MÜNCHEN - Eigentlich ist sie nicht so leicht aus der Ruhe zu bringen. Fassung zu wahren hat Strauß-Tochter Monika Hohlmeier von Kind an trainiert. Doch das ist ihr zu viel - Wie Ex-Ministerin Hohlmeier in der oberfränkischen Provinz um ein Comeback kämpft.

Eigentlich ist sie nicht so leicht aus der Ruhe zu bringen. Fassung zu wahren hat Strauß-Tochter Monika Hohlmeier von Kind an trainiert. Doch das ist ihr zu viel. Ausgerechnet die sonst so verschlafenen Bayern-Sozis hat sie in ihrer neuen Wahl-Heimat Franken aus dem Dornröschenschlaf geweckt.

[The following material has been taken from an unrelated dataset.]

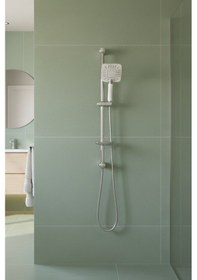Resim Via Sürgülü Duş Seti, Duş Sistemi 42898 Krom Krom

Die plakatieren von Hof bis in die fränkische Biermetropole Kulmbach ihren Kandidaten: „Ein Oberfranke für Oberfranken!“ Und treffen die Oberbayerin damit an ihrem wunden Punkt.

„Das ist echter Wahlbetrug“, giftet Monika Hohlmeier. „Den können die Franken wählen, und er kommt trotzdem nicht ins Europaparlament“, echauffiert sie sich. „Die SPD bräuchte in ganz Deutschland 60 Prozent, um den Herrn Stauch nach Brüssel zu bringen. Der ist erst auf Listenplatz 58.“ Von 60 Prozent aber ist die SPD noch viel weiter entfernt als die CSU von ihrer Traummarke 50 plus X in Bayern.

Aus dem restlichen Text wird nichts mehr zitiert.